As is custom with New England churches along the water, the Cuttyhunk church has a wind vane on the steeple. Appropriately, for an island that was once a fishing camp, and still has a fishing industry, the wind vane indicator is a fish.
|Lynda Krueger photo|
Gay Head, Martha's Vineyard. Now called the Aquinnah Light, this lighthouse has alternating red and white flashes. Although Martha's Vineyard is a tourist destination, with the requisite loud bars and t-shirt shops, there is much natural beauty remaining. Gay Head Point is one.
Traveling across the sound from Cuttyhunk involves heavy ferry traffic. Ferries come from multiple ports to bring visitors to the island.
In the 1830's, the Methodist Church set up a conference center on the island. Interesting houses, with pointed windows, as in some churches, were built around the center, creating a quaint community.
Other areas of Martha's Vineyard have some grand homes.
And, there are beaches to comb . . .
and critters to watch.
There is a pass between the mainland of Cape Cod and the Elizabeth Islands, called Woods Hole. It has some fast currents making passage difficult. Having ferries squeezing through at the same time makes it even more interesting.
Getting through Woods Hole with the proper current puts the boat up Buzzards Bay and into the Cape Cod Canal with the wrong current. So, a stop in the nearby Quissett Harbor was made to time the currents. It is a protected harbor, filled with racing dinghies.

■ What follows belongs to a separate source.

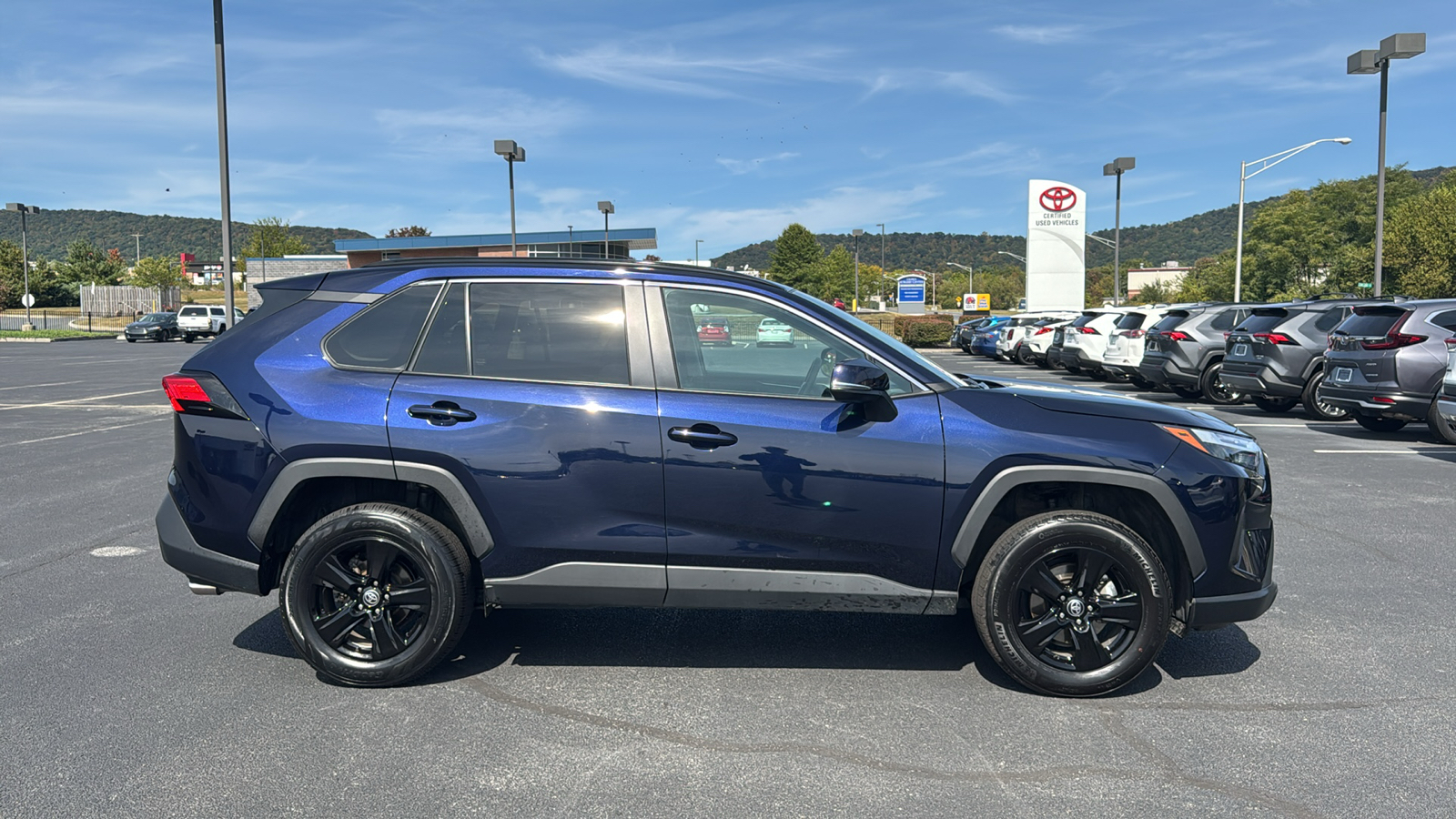 2024 Toyota RAV4 XLE 4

A good stop it was. The spit between the harbor and Buzzards Bay was a park with a nice beach. More beachcombing opportunities.
At the head of Buzzards Bay and the south end of the Cape Cod Canal, lies the small town of Onset. This was the far end of the journey for Erika Lin. The town has a few moorings that the crews were able to snag for an evening,.
Onset provided an opportunity for a Great Loop Rendezvous. Joe and Pat Apicella completed the Loop on a Maninship 40, Glory Days, often crossing paths with Erika Lin and Last Dance.
Leaving in the morning with a favorable current, Last Dance was fortunate to make it through the railroad bridge just before it closed.
Having to wait for the bridge would not only be a delay, but would require running in the opposite direction just to remain in place since the current was running over 3 knots.
The downtown of Newburyport is alive with thriving businesses and a definite lack of tourist traps. They have a town dock and moorings to encourage visitors by boat. Located on a river that has current reaching 6 or 7 knots and an inlet so rough that the Coast Guard has installed a large stop light to indicate when the inlet is too rough to be used, they need to add some encouragement.
The town is filled with interesting architecture, including a church that has been converted to a restaurant.
Much interesting architecture has been preserved in Newburyport. This Institution for Savings Building still houses the original tenant.
It is a great town for the crew to walk and meet new friends. The streets are always filled with people and there is a large, well-used park at the town dock. The Bull Mastif/St. Bernard/Hound dog's person suggested an Italian restaurant, Enzo.
One way to sample the regional cultures of the country is through food. Enzo is an Italian restaurant that does not have red sauces and blends local foods into their recipes. Lobster over fresh home-made pasta and littleneck clams on spaghetti were delicious.
Enzo's special dessert of the night was fresh strawberries marinated in a strawberry sauce over meringue with whipped cream and strawberry ice cream. It was amazingly full of flavor. Exploring can be very enjoyable.